Urteil vom 24. Mai 2024  
 
II. strafrechtliche Abteilung  
 
Besetzung 
Bundesrichter Abrecht, Präsident, 
Bundesrichterin Koch, Bundesrichter Hurni, 
Gerichtsschreiberin Sauthier. 
 
Verfahrensbeteiligte 
A.________, 
vertreten durch Advokat Dr. Andreas Noll, 
Beschwerdeführer, 
 
gegen  
 
Staatsanwaltschaft des Kantons Basel-Stadt, Binningerstrasse 21, 4051 Basel. 
 
Gegenstand 
Verlängerung der Untersuchungshaft, 
 
Beschwerde gegen den Entscheid des Appellationsgerichts des Kantons Basel-Stadt, Einzelgericht, vom 11. März 2024 (HB.2024.3). 
 
 
Sachverhalt:  
 
A.  
Die Staatsanwaltschaft Basel-Stadt führt mehrere Strafverfahren gegen A.________ wegen des Verdachts auf gewerbsmässigen Betrug evtl. ungetreue Geschäftsbesorgung, mehrfache Urkundenfälschung und Factoringbetrug. A.________ war in diesem Zusammenhang bereits in den Jahren 2017 und 2019 in Untersuchungshaft. 
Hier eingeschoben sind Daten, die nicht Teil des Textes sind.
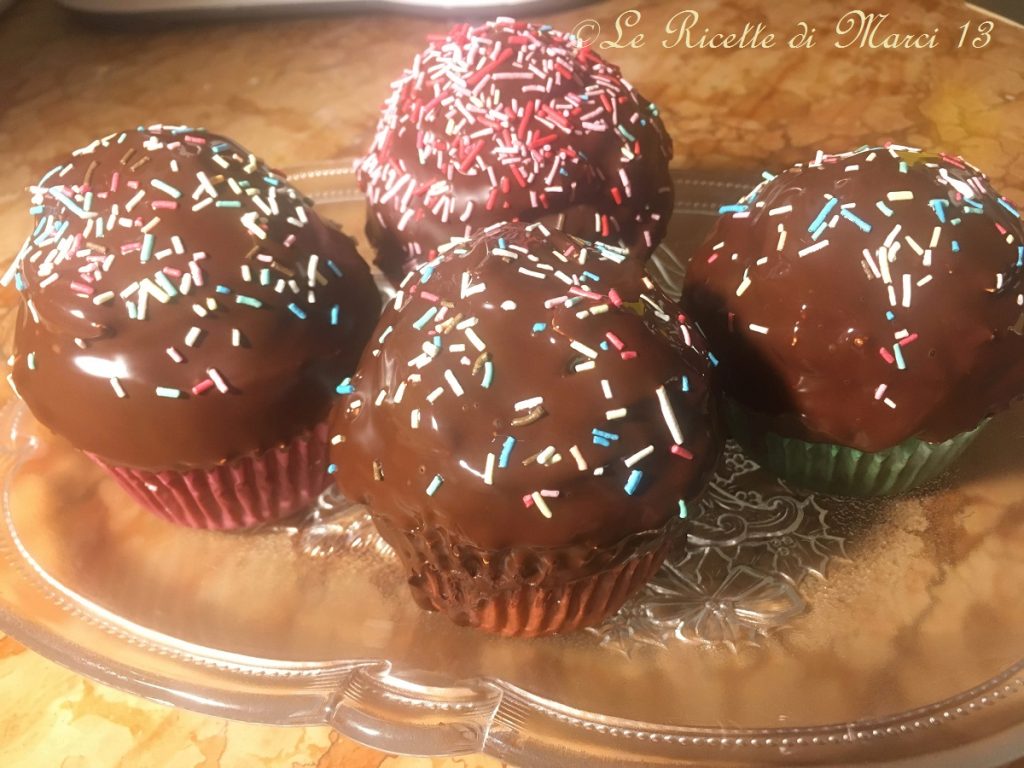 Funfetti cupcakes de chocolate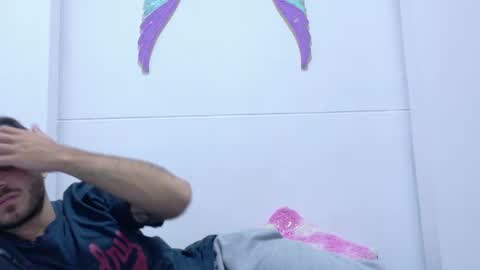 santhiago_jonnes_ online show from August 13, 3:59 pm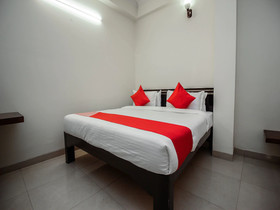 OYO Flagship 15357 Ahinsha Cicle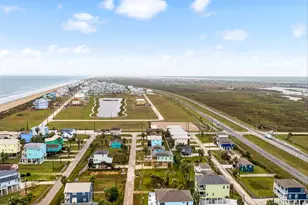 11207 Schwartz Dr, Galveston, TX 77554 - Photo 3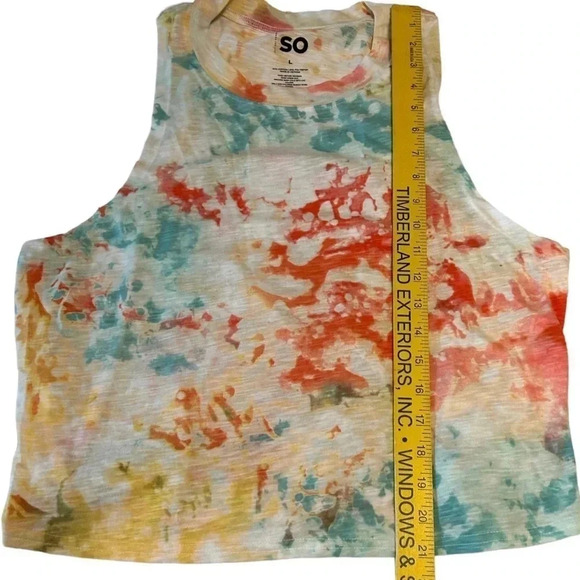 SO Juniors’ Tank Top Cropped High Neck in a Peach Tie Dye. Size Large. NWT - Picture 6 of 6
Am 1. November 2023 beantragte die Staatsanwaltschaft erneut Untersuchungshaft für A.________, welche das Zwangsmassnahmengericht am 3. November 2023 vorerst bis zum 26. Januar 2024 bewilligte. Eine dagegen von A.________ erhobene Beschwerde wies das Appellationsgericht des Kantons Basel-Stadt am 7. Dezember 2023 ab, stellte aber aufgrund unzureichender Akteneinsicht vor der Verhandlung vor dem Zwangsmassnahmengericht eine Verletzung des rechtlichen Gehörs fest. Dagegen führte A.________ Beschwerde an das Bundesgericht. Dieses wies die Beschwerde am 12. Januar 2024 ab, soweit es darauf eintrat (7B_1028/2023). 
 
B.  
Mit Verfügung vom 1. Februar 2024 verlängerte das Zwangsmassnahmengericht die Untersuchungshaft von A.________ bis zum 26. Mai 2024. Dagegen erhob dieser Beschwerde an das Appellationsgericht, welches die Beschwerde am 11. März 2024 abwies. 
 
C.  
Mit Eingabe vom 10. April 2024 führt A.________ Beschwerde in Strafsachen an das Bundesgericht. Er beantragt, der Entscheid des Appellationsgerichts vom 11. März 2024 sowie die Haftverlängerungsverfügung vom 1. Februar 2024 seien vollumfänglich aufzuheben und er sei unverzüglich aus der Untersuchungshaft zu entlassen. Ihm sei zufolge einer Verletzung von Art. 5 i.V.m. Art. 13 EMRK wegen ungesetzlichen Freiheitsentzugs eine Entschädigung von Fr. 250.-- pro Tag ab dem 1. Februar 2024 zu entrichten. In formeller Hinsicht beantragt er, ihm sowie den übrigen Verfahrensbeteiligten sei das Dispositiv unmittelbar nach dem getroffenen Entscheid zu eröffnen. 
Das Appellationsgericht verzichtet auf eine Vernehmlassung und beantragt die Abweisung der Beschwerde. Die Staatsanwaltschaft teilte dem Bundesgericht am 17. April 2024 mit, das Haftentlassungsgesuch des Beschwerdeführers vom 2. April 2024 sei gutgeheissen und er mit Verfügung vom 15. April 2023 aus der Untersuchungshaft entlassen worden, weshalb sie auf eine Stellungnahme verzichte. 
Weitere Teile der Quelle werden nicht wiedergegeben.